Other Restaurants in Tibet and Lhasa
Aloo Gang is located on Duosengge Road. It serves veggie food, yak butter tea and soup.

Barkhor Cafe has various drinks and foods and a few PCs with internet access are available. Its rooftop terrace is popular among travelers since you can enjoy drinks watching the sunset over the Jokhang Temple.

Beimei Fast Food (North America Fast Food), on Beijing East Road, serves hamburgers, hotdogs and soups etc.

Curried Potato Restaurant is located at the first crossing on the right of Jokhang Temple and offers delicious but cheap food such as curried potato, curried barbecue and yogurt.

Hard Yak Cafe in Lhasa Hotel has a range of expensive western food and a good ambience. Lhasa Hotel also has a fast food stall on Mentsikhang Road serving hamburgers and fried tomatoes.

Kailash Restaurant on the rooftop of Banak Shol Hotel on Beijing East Road is also a great place to dine. With pleasant and friendly service, the restaurant serves food including a nice breakfast, yak burgers and many vegetarian options too.

Makye Ame Restaurant on the southeastern corner of Barkhor Street is often busy with western travelers.
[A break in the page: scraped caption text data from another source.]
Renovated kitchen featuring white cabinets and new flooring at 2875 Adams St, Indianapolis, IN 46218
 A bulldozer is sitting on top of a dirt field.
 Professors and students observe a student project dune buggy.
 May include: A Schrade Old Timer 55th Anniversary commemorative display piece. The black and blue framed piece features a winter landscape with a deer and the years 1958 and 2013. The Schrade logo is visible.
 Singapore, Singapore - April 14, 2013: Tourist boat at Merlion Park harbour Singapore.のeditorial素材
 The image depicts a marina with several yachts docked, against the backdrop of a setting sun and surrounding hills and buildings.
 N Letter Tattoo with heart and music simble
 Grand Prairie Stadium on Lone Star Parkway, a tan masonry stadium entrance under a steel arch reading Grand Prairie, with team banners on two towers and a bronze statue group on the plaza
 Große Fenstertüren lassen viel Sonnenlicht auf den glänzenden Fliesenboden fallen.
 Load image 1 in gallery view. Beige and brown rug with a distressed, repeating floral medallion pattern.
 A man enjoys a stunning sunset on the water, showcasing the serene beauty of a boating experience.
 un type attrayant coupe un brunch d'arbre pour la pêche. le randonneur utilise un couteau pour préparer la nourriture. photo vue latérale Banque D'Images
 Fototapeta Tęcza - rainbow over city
It serves tasty dishes with pasta and pesto and makes good coffee. A few computer terminals make emails possible too.

Xinfeng Restaurant is located at the East Beijing Road provides all kinds of European food, especially the grilled burgers.

Aside from the above-mentioned restaurants, the night market on Duosenge Road is an interesting place where you can get street food and drink at very reasonable prices.